People often ask me, “Where are you from?” While this is simply a polite question, I laugh, because the answer is more complicated than you might think. I try to figure out how to answer without telling a stranger my life story. I was born in Korea as a citizen there, raised in the Philippines, flew to the U.S. three years ago, and now reside in Virginia for college – simple, right? It’s true that my background often places me in rather confusing situations, but I am immensely thankful to have had the opportunity to grow in a multicultural environment.
My upbringing has taught me to see the bigger picture, and to acknowledge that issues are seldom contained within a country’s border: poverty, hunger, and social and economic injustice are prevalent everywhere in the world.
During my internship at the Coalition on Human Needs (CHN), I had the privilege to learn in depth how these problems are affecting communities within the United States, and what policies are being advocated to address these issues. For a change, I was able to deeply scrutinize and learn about domestic relations, rather than international ones.
CHN deals with various issues, but one that stood out for me was immigration, a topic that always has intrigued me. Learning about the complexity of the issue and how different policies can affect hundreds of thousands of lives was fascinating. Webinars by CHN member organizations such as the National Immigration Law Center were very informative, and greatly helped me accomplish my tasks, which included writing blog posts, social media posts, and designing graphics based on the research and articles published by these organizations as well as news outlets.
I currently attend a conservative private Christian school where I am surrounded by one dimension of political beliefs. However, this internship educated me on different political beliefs and ideas, which enabled me to challenge and newly recognize certain aspects of politics. As a matter of fact, seeing people of different beliefs, religion, race, age, etc., come together to aid vulnerable communities was an encouraging and remarkable experience. Now I feel like I am equipped with adequate knowledge of both ends of the political spectrum, which enables me to communicate with different individuals, whatever their political beliefs may be.

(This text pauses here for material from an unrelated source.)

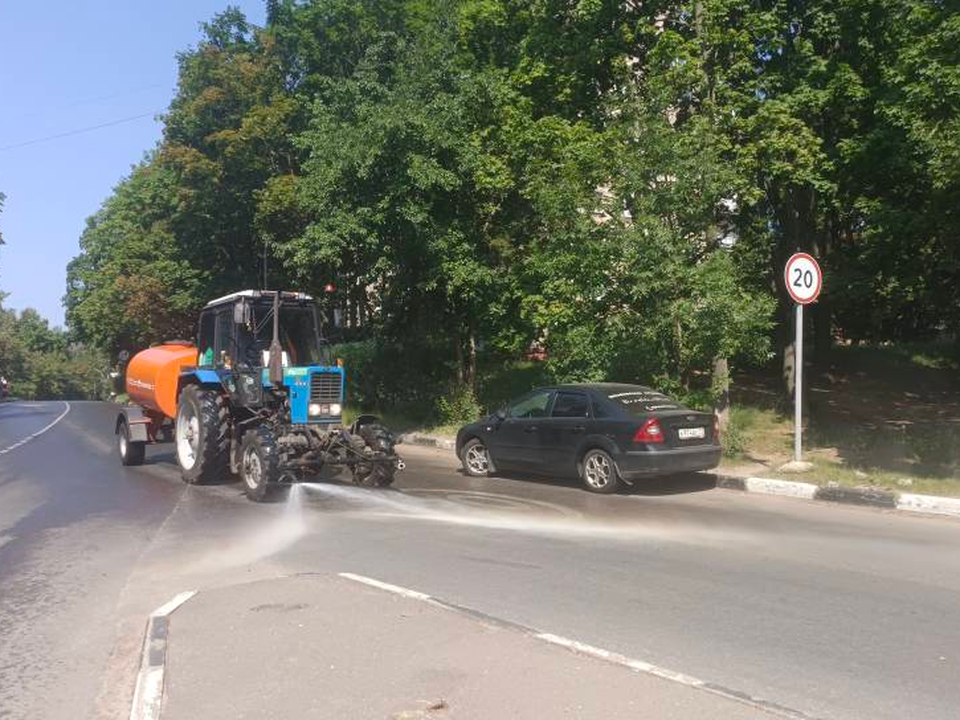 Коммунальные службы Дзержинского в жару проводят влажную уборку дорог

The greatest lesson I have learned, and advice I would give future CHN interns, is that just because you feel like you don’t belong, it doesn’t mean you can’t help or contribute to bringing change for the better. I used to think U.S. policies and politics had nothing to do with me because I wasn’t American. As silly as it sounds, I once disassociated myself from domestic affairs and only focused on issues 8,000 miles away (that’s roughly the distance between the U.S. and the Philippines!)
Vulnerable people are everywhere. If you can’t reach people 8,000 miles away, why not start with those a mile away?